Thursday, April 7, 2011

Developing SSAS Cubes: Creating Data Sources and data Source Views

CREATING DATA SOURCES AND DATA SOURCE VIEWS:
SSAS works best with database schema's that are designed to support data analytic s and reporting. The methodology you use to architect such schemes is called dimensional Modeling.
The fact table and its dimensions make a star pattern typical of OLAP. With star schema the dimension table is contained in a single table.
After the dimension table is in place you can build the UDM (Unified Dimensional model) or cube on top of it.

Options for developing Analysis Services:
1.)Project mode:
You can either select the Analysis Services Project template or the Import Analysis Services 9.0 Database Wizard in the Business Intelligence template of the Add New Project dialog box.
Working in the project mode helps you to develop Analysis Services solutions without the need for an active connection to the database. Furthermore, projects created in Business Intelligence Development Studio can work with source control technologies such as Microsoft Visual SourceSafe, allowing multiple developers to work with the same Analysis Services objects without overwriting each other’s work.
The project mode also provides the flexibility to deploy the solution to a test environment before deploying the solution to a production environment. It is best practice to develop Analysis Services solutions in the project mode.
2.)Online mode:
In Business Intelligence Development Studio, you can connect directly to cubes in an Analysis Services database and make modifications to a live cube. The changes that are made occur immediately, and no Analysis Services project is created.

To connect to Analysis Services 2008 in online mode, perform the following steps:
Open Business Intelligence Development Studio.
On the File menu, point to Open, and then click Analysis Services Database.
Select Connect to existing database.
Specify the server name and the database name.
Click OK.

UDP Consists of several components:
1.)Data Source: represents a connection to the database where the data is stored.
2.)Data Source Views: Abstracts the underlying db schema. Can add calculated columns to a DSV when the security prevents you from changing the schema.
3.)Dimension Model: After the DSV is created the next step is to create a cube dimensional model with dimension and fact tables.
4.)Calculations: Only in rare cases will the dimensional model alone meet the needs. Custom logic like MDX expressions such as Quater to date(QTD) and year to date(YTD) can be built from such calculations.
5.)End User Model: It defines the additional features you built on top of dimensional layer to provide richer data semantics. They include KPI's, actions, perspectives and translations.
6.)Management Settings: At the last the savvy admin would configure the cube to meet operational requirements including availability, latency and security.

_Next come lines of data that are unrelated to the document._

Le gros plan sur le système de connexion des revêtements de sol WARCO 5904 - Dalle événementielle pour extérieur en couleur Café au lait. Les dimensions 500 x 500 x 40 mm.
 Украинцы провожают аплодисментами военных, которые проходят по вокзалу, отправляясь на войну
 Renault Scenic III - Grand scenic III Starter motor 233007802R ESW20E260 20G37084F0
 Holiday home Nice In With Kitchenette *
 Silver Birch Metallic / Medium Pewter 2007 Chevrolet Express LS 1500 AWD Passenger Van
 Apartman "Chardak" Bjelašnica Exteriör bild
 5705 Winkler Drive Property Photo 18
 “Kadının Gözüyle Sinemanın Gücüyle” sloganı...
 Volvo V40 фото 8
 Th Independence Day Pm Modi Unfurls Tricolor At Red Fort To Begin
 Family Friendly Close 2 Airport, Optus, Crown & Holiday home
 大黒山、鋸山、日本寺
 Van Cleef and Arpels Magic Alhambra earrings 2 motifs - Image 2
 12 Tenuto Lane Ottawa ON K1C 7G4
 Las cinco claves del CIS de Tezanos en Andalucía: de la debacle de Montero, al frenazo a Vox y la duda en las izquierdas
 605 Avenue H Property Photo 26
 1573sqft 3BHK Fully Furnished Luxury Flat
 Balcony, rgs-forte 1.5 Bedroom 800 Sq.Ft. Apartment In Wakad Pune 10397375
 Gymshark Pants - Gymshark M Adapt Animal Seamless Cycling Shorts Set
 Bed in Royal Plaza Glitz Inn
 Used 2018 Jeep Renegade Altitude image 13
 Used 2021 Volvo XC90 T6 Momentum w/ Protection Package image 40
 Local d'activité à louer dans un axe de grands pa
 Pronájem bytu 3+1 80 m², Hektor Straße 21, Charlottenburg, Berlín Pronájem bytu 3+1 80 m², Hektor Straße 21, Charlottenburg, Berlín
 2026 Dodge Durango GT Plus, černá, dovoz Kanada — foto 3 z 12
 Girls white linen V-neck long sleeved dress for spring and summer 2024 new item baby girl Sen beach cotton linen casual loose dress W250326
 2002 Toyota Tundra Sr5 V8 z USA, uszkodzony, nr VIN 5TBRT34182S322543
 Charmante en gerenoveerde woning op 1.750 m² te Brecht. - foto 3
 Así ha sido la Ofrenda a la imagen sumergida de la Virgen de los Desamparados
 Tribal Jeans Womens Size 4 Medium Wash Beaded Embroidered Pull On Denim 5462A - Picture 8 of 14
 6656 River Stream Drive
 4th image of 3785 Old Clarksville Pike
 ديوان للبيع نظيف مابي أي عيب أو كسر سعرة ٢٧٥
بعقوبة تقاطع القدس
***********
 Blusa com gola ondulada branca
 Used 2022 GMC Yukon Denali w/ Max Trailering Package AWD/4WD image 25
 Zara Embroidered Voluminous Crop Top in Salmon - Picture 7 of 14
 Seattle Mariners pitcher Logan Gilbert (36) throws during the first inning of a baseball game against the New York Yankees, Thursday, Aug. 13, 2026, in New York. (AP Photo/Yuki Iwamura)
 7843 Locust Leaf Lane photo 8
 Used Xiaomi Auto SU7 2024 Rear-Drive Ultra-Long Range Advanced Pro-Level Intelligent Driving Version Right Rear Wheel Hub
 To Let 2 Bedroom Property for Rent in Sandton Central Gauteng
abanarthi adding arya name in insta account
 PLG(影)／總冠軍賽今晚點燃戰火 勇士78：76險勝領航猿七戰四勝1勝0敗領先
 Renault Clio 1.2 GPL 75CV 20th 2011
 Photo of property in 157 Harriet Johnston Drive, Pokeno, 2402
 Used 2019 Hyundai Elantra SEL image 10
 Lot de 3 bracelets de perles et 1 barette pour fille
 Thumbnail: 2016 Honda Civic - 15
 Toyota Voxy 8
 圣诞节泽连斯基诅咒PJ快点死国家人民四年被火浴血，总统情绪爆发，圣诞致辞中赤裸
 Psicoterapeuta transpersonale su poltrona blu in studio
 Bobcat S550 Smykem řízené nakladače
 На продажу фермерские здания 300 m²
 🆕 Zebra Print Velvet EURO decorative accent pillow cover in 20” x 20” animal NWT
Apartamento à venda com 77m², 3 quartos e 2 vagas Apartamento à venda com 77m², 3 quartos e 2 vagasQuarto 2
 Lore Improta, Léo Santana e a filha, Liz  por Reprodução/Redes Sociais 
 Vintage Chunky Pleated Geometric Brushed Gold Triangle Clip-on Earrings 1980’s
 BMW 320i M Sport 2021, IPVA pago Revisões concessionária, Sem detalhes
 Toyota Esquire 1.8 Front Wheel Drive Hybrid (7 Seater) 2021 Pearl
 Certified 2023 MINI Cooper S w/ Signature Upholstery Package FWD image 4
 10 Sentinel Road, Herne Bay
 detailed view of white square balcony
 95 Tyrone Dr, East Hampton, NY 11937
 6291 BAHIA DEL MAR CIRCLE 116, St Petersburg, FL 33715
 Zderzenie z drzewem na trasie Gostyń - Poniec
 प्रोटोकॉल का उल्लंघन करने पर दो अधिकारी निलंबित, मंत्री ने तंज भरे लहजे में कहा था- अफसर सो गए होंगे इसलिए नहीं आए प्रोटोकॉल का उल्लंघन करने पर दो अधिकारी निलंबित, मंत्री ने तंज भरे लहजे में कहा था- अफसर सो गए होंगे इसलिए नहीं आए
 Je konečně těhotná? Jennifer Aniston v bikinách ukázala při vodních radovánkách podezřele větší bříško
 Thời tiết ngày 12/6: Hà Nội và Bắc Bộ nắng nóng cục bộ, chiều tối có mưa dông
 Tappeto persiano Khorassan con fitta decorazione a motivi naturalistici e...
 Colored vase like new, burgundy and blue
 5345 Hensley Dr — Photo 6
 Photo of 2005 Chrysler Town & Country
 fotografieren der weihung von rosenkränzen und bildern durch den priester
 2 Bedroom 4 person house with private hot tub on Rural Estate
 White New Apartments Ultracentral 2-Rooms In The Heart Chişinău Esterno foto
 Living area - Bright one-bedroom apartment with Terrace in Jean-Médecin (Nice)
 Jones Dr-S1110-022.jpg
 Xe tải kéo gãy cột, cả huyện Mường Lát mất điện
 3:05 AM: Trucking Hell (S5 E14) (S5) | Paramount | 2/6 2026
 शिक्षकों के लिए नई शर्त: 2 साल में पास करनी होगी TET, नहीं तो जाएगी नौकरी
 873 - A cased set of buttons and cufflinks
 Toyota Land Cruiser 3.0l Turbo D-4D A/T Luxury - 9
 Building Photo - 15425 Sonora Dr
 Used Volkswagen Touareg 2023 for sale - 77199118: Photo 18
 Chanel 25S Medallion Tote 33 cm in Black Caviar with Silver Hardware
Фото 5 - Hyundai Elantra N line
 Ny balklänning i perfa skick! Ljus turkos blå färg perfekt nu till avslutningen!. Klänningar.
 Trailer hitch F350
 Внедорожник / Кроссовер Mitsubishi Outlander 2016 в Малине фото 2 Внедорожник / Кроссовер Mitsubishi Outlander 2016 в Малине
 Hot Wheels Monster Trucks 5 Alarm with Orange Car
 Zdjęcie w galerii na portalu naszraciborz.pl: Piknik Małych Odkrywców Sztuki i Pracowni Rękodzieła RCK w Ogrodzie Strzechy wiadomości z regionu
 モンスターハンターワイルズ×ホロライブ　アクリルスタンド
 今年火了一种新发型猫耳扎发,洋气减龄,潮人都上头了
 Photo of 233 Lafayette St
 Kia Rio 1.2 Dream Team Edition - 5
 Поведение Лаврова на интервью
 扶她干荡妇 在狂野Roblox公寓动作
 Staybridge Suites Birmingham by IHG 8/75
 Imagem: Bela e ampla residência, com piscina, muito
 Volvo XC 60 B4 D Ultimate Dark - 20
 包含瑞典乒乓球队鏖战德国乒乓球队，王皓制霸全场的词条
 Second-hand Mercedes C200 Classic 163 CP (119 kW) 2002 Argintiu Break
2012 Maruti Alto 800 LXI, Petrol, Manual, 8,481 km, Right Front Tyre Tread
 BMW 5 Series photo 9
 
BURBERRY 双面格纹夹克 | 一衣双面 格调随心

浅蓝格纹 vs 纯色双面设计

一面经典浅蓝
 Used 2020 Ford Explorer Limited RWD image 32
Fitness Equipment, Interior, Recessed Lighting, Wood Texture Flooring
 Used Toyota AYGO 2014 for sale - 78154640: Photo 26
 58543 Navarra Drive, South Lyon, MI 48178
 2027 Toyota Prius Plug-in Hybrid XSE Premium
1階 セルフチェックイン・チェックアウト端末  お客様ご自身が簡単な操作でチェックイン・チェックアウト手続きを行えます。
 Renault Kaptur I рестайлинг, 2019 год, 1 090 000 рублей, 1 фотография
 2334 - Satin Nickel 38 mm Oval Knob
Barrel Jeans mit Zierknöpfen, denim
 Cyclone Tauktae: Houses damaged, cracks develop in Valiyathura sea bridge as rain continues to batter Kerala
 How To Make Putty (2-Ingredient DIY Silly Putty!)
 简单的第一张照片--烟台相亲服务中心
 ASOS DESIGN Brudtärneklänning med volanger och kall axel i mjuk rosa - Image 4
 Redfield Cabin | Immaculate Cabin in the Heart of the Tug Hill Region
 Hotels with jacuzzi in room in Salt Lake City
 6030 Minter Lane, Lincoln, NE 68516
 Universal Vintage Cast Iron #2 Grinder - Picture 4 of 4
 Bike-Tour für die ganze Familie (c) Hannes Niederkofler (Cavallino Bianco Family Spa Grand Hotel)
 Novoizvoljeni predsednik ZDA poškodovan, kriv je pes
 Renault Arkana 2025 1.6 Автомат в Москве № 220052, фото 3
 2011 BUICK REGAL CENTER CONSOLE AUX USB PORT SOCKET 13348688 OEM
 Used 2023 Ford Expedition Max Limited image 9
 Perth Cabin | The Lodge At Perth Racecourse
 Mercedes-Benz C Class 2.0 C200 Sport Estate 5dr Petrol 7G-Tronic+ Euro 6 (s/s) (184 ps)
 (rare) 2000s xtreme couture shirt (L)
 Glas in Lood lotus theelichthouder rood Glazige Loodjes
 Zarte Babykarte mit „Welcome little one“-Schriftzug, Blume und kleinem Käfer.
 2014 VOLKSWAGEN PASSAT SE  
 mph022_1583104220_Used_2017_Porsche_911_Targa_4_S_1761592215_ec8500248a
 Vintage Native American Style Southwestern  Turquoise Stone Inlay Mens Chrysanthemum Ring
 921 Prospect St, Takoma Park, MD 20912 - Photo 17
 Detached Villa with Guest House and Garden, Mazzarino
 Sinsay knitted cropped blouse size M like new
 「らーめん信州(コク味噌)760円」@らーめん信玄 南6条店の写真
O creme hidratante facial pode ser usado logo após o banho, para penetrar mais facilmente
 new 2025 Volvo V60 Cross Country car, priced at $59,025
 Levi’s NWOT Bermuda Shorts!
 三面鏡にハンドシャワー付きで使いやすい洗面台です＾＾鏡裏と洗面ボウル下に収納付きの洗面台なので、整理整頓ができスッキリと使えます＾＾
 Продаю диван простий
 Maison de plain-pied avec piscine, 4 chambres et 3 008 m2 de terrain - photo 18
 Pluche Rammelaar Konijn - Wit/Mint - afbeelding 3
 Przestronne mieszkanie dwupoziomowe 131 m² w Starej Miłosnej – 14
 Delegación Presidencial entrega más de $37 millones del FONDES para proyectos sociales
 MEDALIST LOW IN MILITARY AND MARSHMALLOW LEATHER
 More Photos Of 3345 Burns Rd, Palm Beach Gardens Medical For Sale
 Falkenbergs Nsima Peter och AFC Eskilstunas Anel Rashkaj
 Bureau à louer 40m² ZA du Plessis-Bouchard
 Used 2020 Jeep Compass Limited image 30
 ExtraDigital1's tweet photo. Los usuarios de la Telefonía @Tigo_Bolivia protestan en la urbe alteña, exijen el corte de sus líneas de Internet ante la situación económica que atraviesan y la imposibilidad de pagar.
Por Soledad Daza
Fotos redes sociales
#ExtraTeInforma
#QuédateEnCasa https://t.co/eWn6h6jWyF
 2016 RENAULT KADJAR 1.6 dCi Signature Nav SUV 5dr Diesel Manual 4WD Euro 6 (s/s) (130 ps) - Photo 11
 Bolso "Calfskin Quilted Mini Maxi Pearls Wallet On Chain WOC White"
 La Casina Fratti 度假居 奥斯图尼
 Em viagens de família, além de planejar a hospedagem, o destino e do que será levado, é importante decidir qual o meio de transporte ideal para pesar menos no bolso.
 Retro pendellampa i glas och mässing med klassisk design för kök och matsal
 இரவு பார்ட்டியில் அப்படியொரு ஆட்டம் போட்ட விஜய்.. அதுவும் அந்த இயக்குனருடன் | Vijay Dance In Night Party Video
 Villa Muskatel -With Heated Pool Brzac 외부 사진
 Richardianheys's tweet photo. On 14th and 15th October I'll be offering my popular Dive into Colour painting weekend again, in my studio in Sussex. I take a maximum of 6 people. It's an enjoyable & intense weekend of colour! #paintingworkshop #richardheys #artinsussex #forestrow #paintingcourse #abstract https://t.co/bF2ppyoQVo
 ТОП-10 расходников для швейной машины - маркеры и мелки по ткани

1.)Defining a new data source:
Setting the Connection Information:
When setting the connection information you need to decide the authentication option the server will use to connect to the data source to read data.
1.)Windows integrated Security- This option connects to the data source under the identity of windows account. Data source operations initiated in BIDS are performed under the identity of the interactive user ie you.
2.)Standard Authentication- User name and Password
By selecting the SQL Server Auth option it is selected. Same credentials will be used both by BIDS and SSAS connections. This authentication is less secure then Windows Authentication.

Impersonation Information:
1.)Specify Windows Username and Password-
Lets you connect to the data source through a predefined windows account
2.)The service Account-
It performs the data operations under the identity of the SSAS windows service. This option is appropriate if the SSAS service account is domain or local account and has read access to the underlying data source data.
3.)Use the credentials of the current user-
It impersonates the identity of the interactive user. This option is rarely used since certain data retrieval scenarios involving data mining models.
4.)Inherit-
Lets the sever decide what impersonation mode is appropriate. For cube processing the server uses service account and for querying data mining models it uses credentials of current user.
Note:
Use Service Account option generally

2.)DATA SOURCE VIEWS(DSV):
Data Source Views provide a logical data model of related tables, views and queries from one or more data sources. As a result, you can define a subset of data in the data source view. This is typically done when you want to expose a data mart from a data warehouse that will be used as a basis for creating a cube. The data source view will hold metadata about the underlying tables and relationships from the source data.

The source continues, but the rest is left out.